[Start of Attachment]

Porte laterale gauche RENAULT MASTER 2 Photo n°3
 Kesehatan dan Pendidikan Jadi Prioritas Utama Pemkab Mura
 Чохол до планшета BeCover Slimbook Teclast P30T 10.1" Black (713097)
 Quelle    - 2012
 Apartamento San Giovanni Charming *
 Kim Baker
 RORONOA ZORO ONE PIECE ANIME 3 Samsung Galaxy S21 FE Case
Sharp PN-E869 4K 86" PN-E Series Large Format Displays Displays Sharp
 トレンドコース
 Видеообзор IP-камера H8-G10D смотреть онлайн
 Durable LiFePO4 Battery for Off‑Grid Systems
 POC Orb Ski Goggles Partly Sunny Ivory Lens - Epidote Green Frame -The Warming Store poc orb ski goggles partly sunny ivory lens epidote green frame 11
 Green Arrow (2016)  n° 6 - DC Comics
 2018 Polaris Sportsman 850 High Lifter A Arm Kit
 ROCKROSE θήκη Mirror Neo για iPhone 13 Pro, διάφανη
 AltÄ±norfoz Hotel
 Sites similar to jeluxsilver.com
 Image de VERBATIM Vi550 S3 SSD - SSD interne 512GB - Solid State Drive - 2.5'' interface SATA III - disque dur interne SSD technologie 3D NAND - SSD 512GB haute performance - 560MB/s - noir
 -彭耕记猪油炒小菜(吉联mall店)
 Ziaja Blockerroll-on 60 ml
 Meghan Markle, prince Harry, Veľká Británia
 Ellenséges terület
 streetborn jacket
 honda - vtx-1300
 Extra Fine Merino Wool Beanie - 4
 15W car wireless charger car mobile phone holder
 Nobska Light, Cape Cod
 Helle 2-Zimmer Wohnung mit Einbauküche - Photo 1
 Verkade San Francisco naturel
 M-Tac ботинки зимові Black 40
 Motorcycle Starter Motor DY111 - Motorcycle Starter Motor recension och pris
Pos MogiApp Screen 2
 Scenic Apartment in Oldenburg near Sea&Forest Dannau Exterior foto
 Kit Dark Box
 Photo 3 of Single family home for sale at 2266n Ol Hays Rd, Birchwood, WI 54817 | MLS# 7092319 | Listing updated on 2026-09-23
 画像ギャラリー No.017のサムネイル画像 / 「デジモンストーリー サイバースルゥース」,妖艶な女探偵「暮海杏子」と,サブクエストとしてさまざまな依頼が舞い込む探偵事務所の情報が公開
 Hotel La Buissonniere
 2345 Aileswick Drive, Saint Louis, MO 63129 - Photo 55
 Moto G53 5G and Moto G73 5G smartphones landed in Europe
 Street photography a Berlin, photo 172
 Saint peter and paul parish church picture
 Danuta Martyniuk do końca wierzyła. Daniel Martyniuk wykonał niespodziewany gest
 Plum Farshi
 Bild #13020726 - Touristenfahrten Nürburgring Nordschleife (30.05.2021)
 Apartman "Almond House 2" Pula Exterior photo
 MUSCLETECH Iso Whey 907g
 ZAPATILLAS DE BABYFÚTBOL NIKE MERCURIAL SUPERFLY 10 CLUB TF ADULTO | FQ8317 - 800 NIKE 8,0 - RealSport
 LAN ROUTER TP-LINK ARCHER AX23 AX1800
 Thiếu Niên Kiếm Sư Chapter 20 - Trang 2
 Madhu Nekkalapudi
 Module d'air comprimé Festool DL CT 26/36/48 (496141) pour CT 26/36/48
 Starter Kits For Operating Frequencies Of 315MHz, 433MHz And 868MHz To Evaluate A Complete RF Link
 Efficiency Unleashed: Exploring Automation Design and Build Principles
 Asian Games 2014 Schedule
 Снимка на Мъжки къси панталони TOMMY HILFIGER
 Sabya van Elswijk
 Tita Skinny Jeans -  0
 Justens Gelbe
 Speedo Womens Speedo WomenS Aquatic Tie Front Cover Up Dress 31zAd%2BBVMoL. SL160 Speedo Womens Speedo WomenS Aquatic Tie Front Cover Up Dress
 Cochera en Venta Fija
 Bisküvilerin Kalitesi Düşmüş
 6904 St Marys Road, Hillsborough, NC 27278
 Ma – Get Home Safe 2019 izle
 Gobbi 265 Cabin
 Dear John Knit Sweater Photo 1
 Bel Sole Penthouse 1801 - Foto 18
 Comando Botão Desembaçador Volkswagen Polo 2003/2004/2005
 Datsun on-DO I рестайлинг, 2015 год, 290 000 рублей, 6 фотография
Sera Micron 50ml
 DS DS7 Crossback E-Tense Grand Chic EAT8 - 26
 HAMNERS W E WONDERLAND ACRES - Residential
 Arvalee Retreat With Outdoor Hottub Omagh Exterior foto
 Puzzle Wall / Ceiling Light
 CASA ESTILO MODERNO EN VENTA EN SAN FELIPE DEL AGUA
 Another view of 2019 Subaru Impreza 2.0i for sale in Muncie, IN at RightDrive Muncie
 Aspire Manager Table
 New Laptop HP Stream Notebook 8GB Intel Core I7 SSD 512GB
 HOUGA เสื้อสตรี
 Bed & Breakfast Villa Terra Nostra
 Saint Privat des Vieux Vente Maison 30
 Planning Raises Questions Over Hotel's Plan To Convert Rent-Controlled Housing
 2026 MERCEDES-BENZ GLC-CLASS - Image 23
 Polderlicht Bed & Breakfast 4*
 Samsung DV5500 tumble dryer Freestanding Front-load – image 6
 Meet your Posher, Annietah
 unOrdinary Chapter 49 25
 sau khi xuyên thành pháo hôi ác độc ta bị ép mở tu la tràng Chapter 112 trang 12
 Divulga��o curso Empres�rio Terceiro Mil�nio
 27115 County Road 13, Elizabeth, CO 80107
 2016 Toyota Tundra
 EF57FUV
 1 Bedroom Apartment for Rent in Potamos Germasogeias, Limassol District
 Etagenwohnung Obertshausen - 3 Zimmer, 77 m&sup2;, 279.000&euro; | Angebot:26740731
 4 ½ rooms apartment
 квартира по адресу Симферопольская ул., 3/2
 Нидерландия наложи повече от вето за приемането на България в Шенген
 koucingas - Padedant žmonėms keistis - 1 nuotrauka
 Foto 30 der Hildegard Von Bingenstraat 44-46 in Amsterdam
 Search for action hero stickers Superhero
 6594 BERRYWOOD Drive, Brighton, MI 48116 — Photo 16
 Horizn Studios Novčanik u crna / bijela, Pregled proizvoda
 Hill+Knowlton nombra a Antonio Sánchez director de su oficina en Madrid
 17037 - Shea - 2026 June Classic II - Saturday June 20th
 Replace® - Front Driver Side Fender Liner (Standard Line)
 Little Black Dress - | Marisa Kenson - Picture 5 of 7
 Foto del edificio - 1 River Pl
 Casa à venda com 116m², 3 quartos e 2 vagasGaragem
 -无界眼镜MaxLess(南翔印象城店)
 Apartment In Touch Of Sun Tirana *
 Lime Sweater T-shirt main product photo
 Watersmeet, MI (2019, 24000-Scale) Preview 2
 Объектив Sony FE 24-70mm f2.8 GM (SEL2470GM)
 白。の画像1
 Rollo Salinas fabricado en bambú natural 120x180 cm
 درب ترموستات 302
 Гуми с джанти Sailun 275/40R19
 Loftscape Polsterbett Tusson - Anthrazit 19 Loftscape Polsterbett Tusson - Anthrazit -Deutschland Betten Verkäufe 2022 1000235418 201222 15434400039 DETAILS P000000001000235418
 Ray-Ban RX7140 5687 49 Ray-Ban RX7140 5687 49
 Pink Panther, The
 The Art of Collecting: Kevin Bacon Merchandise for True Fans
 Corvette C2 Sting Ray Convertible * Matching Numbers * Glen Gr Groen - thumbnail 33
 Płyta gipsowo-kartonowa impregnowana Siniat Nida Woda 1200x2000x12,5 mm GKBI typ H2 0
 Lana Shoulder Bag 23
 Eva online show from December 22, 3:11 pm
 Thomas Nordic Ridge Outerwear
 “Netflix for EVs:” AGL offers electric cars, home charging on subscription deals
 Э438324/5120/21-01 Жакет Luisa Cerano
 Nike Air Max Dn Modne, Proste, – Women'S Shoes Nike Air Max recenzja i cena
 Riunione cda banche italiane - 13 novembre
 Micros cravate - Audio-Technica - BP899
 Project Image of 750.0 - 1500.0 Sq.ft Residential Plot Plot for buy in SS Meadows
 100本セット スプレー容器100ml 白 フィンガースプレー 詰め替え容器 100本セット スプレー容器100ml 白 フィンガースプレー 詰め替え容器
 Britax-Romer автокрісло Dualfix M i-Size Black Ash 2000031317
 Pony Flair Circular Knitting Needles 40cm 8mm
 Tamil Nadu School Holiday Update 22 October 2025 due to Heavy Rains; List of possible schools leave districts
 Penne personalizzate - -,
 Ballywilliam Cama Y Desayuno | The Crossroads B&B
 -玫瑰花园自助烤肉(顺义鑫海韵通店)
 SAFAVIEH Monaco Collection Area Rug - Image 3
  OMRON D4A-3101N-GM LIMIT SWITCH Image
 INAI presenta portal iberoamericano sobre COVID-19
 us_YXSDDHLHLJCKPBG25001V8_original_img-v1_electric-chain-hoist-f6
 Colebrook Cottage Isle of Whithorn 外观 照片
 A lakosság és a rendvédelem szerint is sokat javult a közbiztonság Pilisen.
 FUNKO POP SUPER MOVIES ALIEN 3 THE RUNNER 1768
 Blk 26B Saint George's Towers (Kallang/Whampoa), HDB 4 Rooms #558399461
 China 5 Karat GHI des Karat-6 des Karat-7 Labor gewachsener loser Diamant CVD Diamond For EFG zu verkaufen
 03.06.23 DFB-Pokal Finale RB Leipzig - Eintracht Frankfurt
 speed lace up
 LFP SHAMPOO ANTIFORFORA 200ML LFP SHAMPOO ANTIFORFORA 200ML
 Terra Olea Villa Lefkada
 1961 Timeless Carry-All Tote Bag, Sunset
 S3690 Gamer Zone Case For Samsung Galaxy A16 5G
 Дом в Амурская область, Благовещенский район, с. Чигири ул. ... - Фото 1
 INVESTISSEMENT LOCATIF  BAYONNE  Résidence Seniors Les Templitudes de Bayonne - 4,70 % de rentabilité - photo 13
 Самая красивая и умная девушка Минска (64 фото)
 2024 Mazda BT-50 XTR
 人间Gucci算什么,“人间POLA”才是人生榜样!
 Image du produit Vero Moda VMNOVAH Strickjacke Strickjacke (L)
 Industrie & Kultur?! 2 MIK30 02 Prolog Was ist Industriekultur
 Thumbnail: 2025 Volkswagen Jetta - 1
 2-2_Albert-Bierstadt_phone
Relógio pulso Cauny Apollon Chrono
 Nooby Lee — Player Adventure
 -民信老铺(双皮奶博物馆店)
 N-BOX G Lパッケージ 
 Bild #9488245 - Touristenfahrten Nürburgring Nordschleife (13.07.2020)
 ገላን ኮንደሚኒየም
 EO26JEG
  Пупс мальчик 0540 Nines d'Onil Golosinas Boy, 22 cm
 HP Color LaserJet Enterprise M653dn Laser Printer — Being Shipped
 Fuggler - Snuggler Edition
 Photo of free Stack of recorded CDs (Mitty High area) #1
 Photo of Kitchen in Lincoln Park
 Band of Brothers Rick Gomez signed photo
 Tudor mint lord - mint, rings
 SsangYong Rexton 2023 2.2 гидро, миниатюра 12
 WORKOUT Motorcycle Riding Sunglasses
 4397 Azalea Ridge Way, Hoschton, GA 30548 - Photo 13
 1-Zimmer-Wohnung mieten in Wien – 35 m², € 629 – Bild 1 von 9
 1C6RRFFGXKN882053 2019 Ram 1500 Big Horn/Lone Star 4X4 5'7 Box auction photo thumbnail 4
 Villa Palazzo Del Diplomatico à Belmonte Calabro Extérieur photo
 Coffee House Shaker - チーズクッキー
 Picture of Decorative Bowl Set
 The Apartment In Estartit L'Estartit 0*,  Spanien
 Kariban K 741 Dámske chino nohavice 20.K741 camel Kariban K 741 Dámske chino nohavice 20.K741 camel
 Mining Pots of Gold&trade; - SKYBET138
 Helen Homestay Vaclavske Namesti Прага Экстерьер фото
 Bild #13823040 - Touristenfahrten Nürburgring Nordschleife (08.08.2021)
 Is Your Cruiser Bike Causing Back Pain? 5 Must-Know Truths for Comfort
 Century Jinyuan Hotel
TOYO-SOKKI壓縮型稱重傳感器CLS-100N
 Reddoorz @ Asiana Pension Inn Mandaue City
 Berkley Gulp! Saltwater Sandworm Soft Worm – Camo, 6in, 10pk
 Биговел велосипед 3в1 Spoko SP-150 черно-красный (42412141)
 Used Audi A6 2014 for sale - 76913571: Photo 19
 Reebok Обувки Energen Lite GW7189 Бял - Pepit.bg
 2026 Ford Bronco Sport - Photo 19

[End of Attachment]

Problem to solve: Please output an exact copy of the lines above, from the opening line of the data down to the line that contains "Durable LiFePO4 Battery for Off‑Grid Systems".

Response below:
Porte laterale gauche RENAULT MASTER 2 Photo n°3
 Kesehatan dan Pendidikan Jadi Prioritas Utama Pemkab Mura
 Чохол до планшета BeCover Slimbook Teclast P30T 10.1" Black (713097)
 Quelle    - 2012
 Apartamento San Giovanni Charming *
 Kim Baker
 RORONOA ZORO ONE PIECE ANIME 3 Samsung Galaxy S21 FE Case
Sharp PN-E869 4K 86" PN-E Series Large Format Displays Displays Sharp
 トレンドコース
 Видеообзор IP-камера H8-G10D смотреть онлайн
 Durable LiFePO4 Battery for Off‑Grid Systems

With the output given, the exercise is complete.